Each source factor has its own vocabulary and learned embedding. The source factors can be combined with the word embeddings in two ways: concatenation and summing. For concatenation (--source-factors-combine concat, the default), you need to specifiy the embedding sizes for each factor. This is done with --source-factors-num-embed X1 X2 .... Since these embeddings concatenated to those of the word embeddings, the total source embedding size will be the sum of the word embeddings and all source factor embeddings. You can also sum the embeddings (--source-factors-combine sum). In this case, you do not need to specify --source-factors-num-embed, since they are automatically all set to the size of the word embeddings (--num-embed).

You then also have to apply factors for the source side at inference time.

Target factors

Sockeye supports target factors, i.e. alternative tokens/features to be predicted alongside the main decoding output. Similar to source factors, the target factor files at training time need to be token-parallel to the target side. For example, if you have the following line of a target sentence:

der junge aß die waff@@ el .

A POS target factor could look like like this:


Internally, Sockeye will shift all target factors to the right by 1 to condition the prediction of the factors on the previously generated target word. During training, Sockeye will optimize multiple losses in a multi-task setting, one for each target factor. The weight of the losses can be controlled by --target-factors-weight.

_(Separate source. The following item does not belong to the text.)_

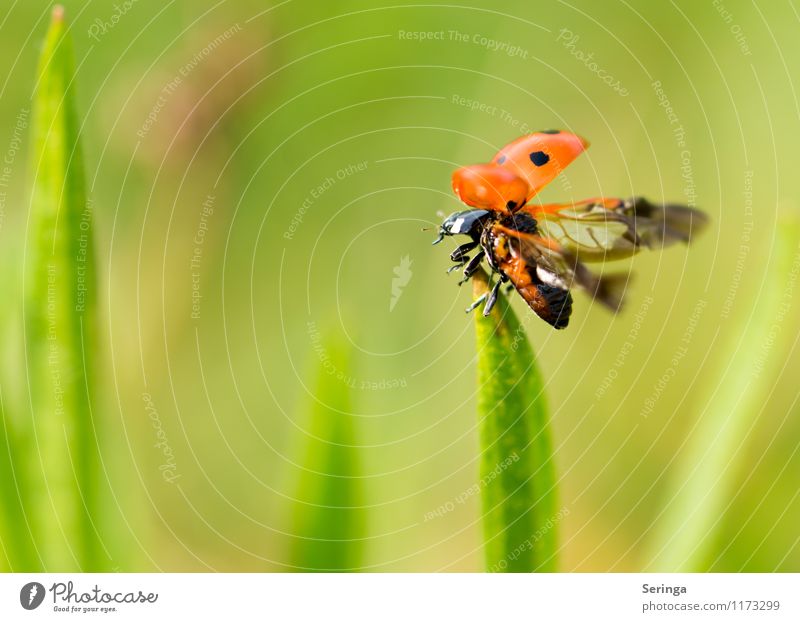 Marienkäfer 3 Umwelt Natur Landschaft Pflanze Tier Garten Park Wiese Feld Käfer 1 exotisch hell grün rot Farbfoto mehrfarbig Nahaufnahme Makroaufnahme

To receive the target factor predictions at inference time, use --output-type translation_with_factors. Target factors do not participate in beam search, i.e. each target factor prediction is the argmax of the corresponding output layer distribution.

Length ratio prediction

Sockeye supports an auxiliary training objective that predicts length ratio (|reference|/|input|) or the reference length for each input, that can be enabled by setting --length-task, respectively, to ratio or to length. Specify --length-task-layers to set the number of layers in the prediction MLP. The weight of the loss in the global training objective is controlled with --length-task-weight (standard cross-entropy loss has weight 1.0). During inference the predictions can be used to reward longer translations by enabling --brevity-penalty-type.